Keystone (Crossbreed #1)(57)



Sitting in that diner and smelling the food around me wouldn’t have been a big deal had Viktor never come along and given me a glimpse of an alternate life. It wasn’t the absence of a plate that bothered me anymore, but I missed the companionship of having someone sitting across from me to fill the silence. The Keystone mansion not only offered me solitude, but moments of sanity where just a brief conversation in the courtyard made me feel like a real person—not some low-life rogue who was searching for my next meal and killing immortals so I could feel better about myself. Perhaps the fates were trying to tap me on the shoulder, and I needed to start thinking about doing something else with my life.

Get a job.

Save money.

Buy a house.

Kill the bastard who’d just entered my line of vision.

My breath caught when a man strode in—the jerkface I’d wrestled in the club bathroom. The one Darius referred to as Salvator, his right-hand man. I stared for a frozen moment, wondering if it was a hallucination. Cognito could feel like a small city sometimes, but his timing was impeccable.

He glanced up at the menu. “I’ll have the burger and onion rings to go.”

While he rattled off how he wanted his burger, I discreetly tucked my hair back and pulled my hood farther down. There weren’t many customers, so it was easy to spot his car out the window since it hadn’t been there when Blue had circled around the side parking lot to drop me off out front. I’d be willing to bet anything he hadn’t locked his doors. Most Breeds didn’t.

When he started fiddling with a napkin dispenser on the counter, I quietly got up with my bag and went out the side entrance. I stood by a red car, pretending to search for my keys, but I kept my focus inside the diner. As soon as he sat down on one of the stools, I sprinted across the parking lot to his car.
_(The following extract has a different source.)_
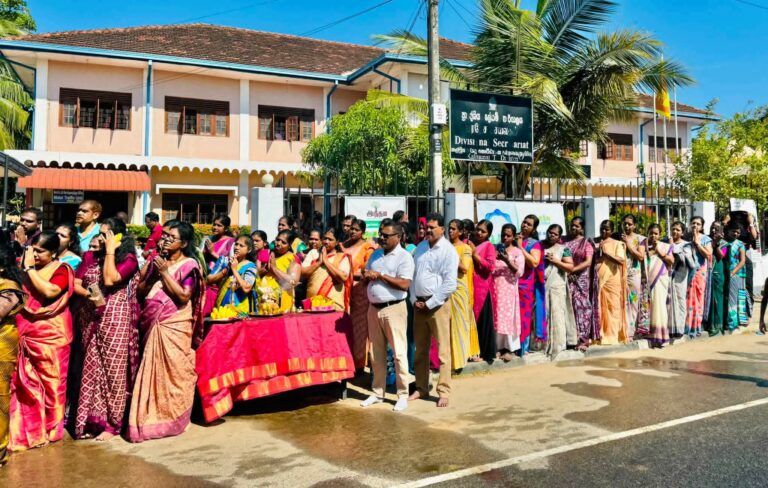 கல்முனை மாநகரில் பக்தி பூர்வமாக இடம்பெற்ற முருகனின் சித்திரத்தேர் பவனி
The windows were nice and tinted, so I tested the back door, and like magic, it opened.

I needed to act fast, so I got in and wedged myself behind the driver’s seat, flattening my bag against the floorboard on the opposite side so it wouldn’t be noticeable. I was a chameleon against the black leather interior. The headrest was pulled up and would allow me access to the back of his neck. I withdrew a push dagger and gripped it in my left hand while holding a longer blade in my right.

It was a good thing I wasn’t wearing perfume, because after I’d spent ten minutes in the back of his car, he would have smelled me the moment he opened the door.

Heavy footsteps approached the car, and a sack rustled.

“Don’t see me, don’t see me,” I whispered, gripping my weapons, ready to spring into action.

The car rocked as Salvator sat down and slammed the door. He was munching on something and growling like some kind of starved raccoon.

Knees, don’t fail me now, I thought to myself. If he was starting up the car, that meant he might be bending forward. I needed to wait until he was reclined all the way back in case my reflexes weren’t fast enough.

The engine purred, and Frank Sinatra crooned about having some woman under his skin.

“You never can win,” Salvator sang out of key.

I rose up and circled the dagger around his neck. He made a strangled sound, and the singing died in his throat when I pricked his nape with the smaller push dagger.

“Peekaboo.” I exerted pressure on both blades. “I have a little question for you,” I said. “Go ahead and swallow those onion rings first before you choke.”

I heard a loud gulp as he swallowed what was in his mouth.

“You’ve got some nerve getting in my car after calling the cops on me,” he snarled.

“Did you make any new friends in jail?” I asked, some of his greasy black hair threatening to get in my mouth. “One move and I’ll cut your neck two ways. I want to ask you something, and it’s in your best interest to answer correctly. Don’t bother going on about witnesses; we’re in a tinted car and I don’t really care. Do you understand?”

“Yeah,” he bit out.

“Good. I need to know what happened to a certain Vampire.”

I watched in the rearview mirror as he furrowed his brow. “What Vampire?”

Either Salvator was the best liar, or Darius had kept him in the dark.

“The one Darius got rid of. Think carefully before you answer.”

I pressed the tip of the stunner into the back of his neck just enough to dull some of his senses and give him a taste of paralysis.

“I don’t know what you’re talking about,” he grunted.

“Then maybe you’re not that important in the chain of command.”

His eyes flashed up in the rearview mirror. “Fuck you. He tells me everything.”

Salvator carried out human murders, so it didn’t make sense that Darius would have kept him in the dark and had one of his bumbling guards carry out the task. Either Salvator was lying, or Darius was lying.

“Tell me the truth. You have ten seconds to decide your fate. Ten… nine… eight…”

“Fuck, I’m telling you I don’t know anything about a Vampire! You’re just wasting your time.”

“Seven… six…”

“Why don’t you call Darius and ask him yourself? One of the other guards might know something.”

“Five… four… three…”

“You’re just going to have to cut me.”